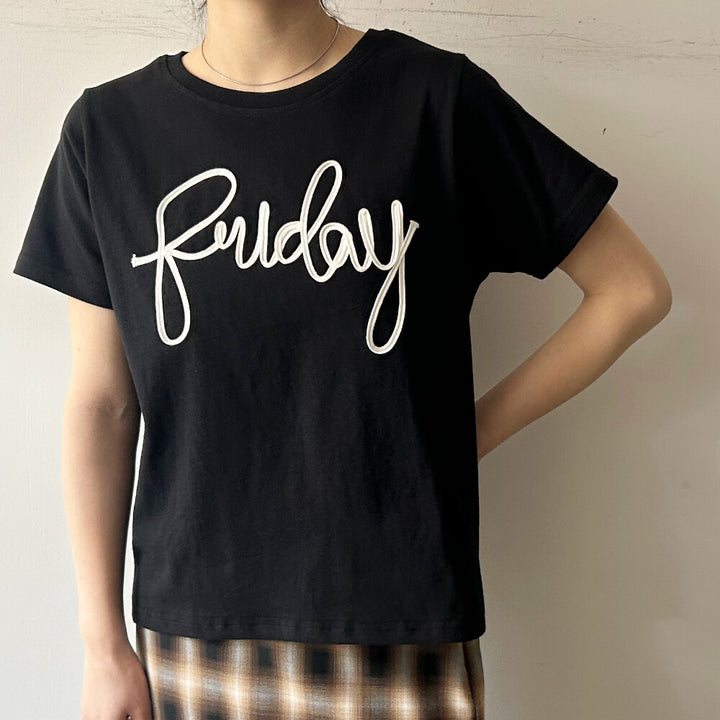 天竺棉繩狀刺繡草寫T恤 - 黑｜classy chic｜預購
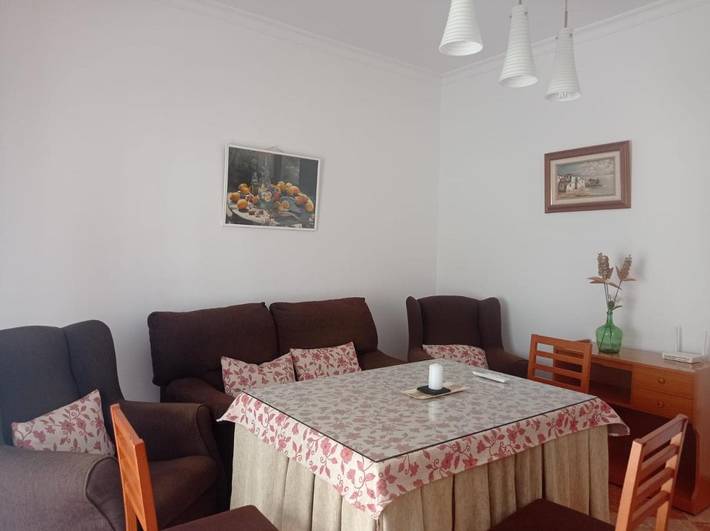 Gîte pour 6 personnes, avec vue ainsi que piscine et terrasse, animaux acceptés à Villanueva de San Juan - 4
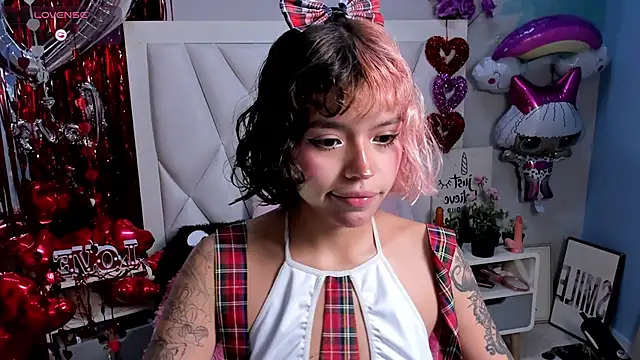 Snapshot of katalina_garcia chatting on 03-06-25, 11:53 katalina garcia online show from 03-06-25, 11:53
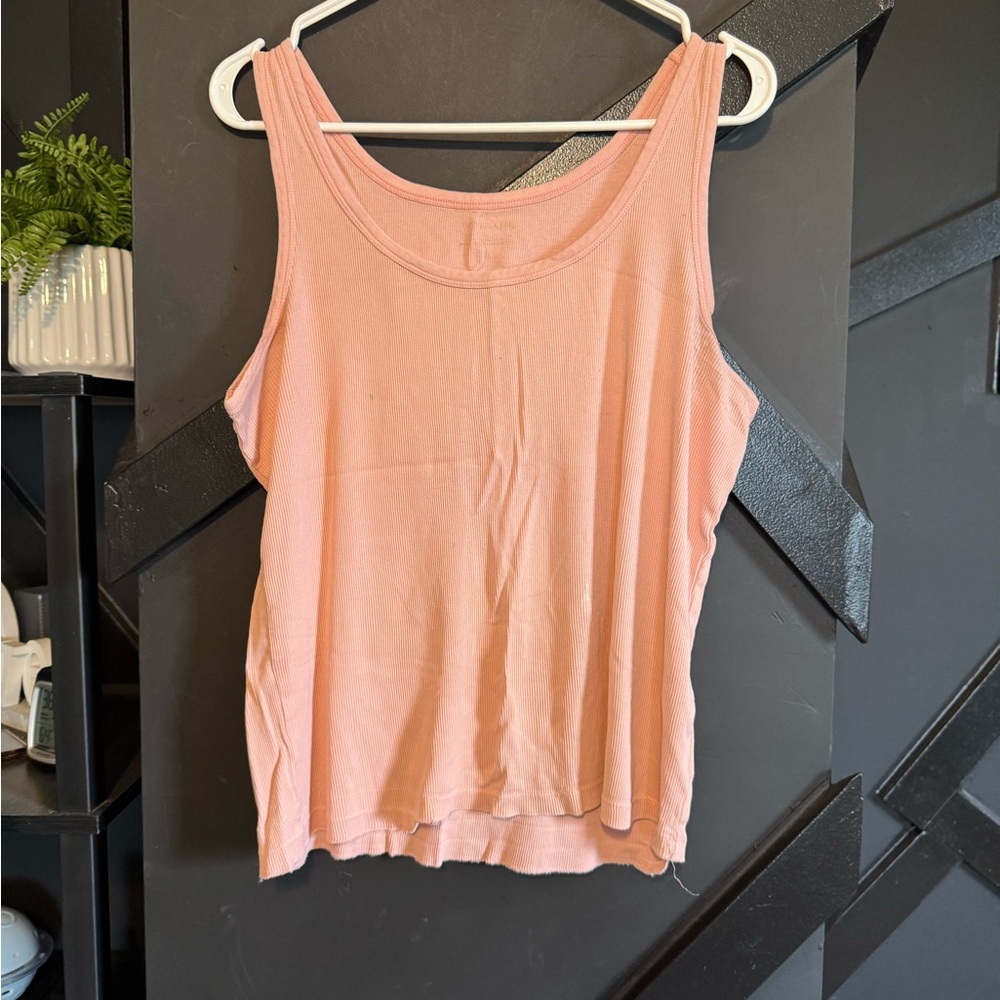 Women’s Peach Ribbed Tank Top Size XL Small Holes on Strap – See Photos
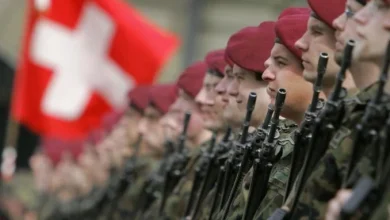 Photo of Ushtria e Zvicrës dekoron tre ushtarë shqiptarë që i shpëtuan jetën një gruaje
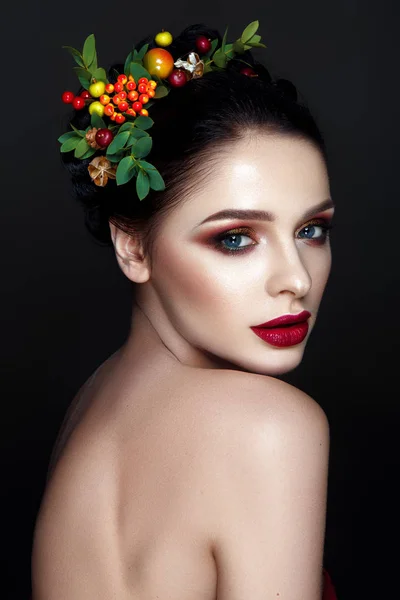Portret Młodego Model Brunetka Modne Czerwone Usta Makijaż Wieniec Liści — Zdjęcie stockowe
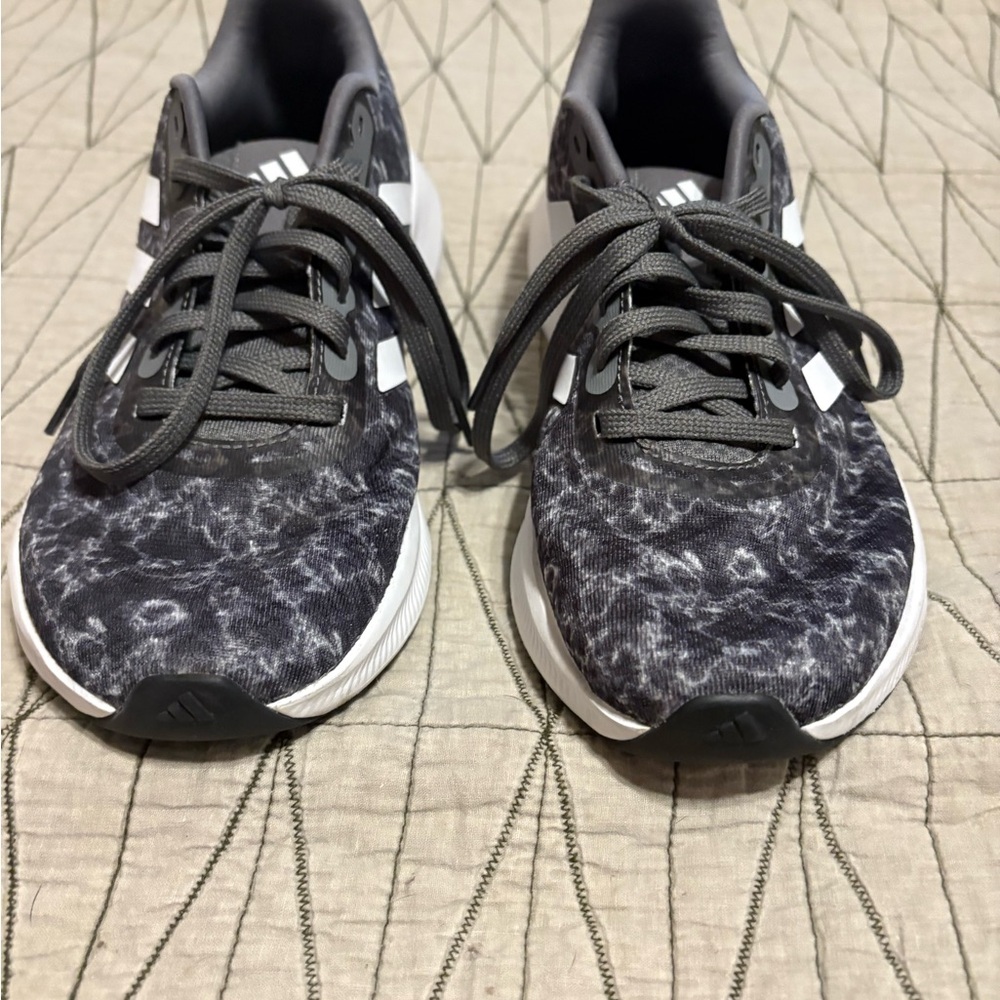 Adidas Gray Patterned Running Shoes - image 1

== TASK BRIEF ==
From the line containing "Portret Młodego Model" through the last line of the data above, write out every line word for word, and nothing else. Do not include the pictures.

== RESPONSE FOR THIS EXERCISE ==
Portret Młodego Model Brunetka Modne Czerwone Usta Makijaż Wieniec Liści — Zdjęcie stockowe
 Adidas Gray Patterned Running Shoes - image 1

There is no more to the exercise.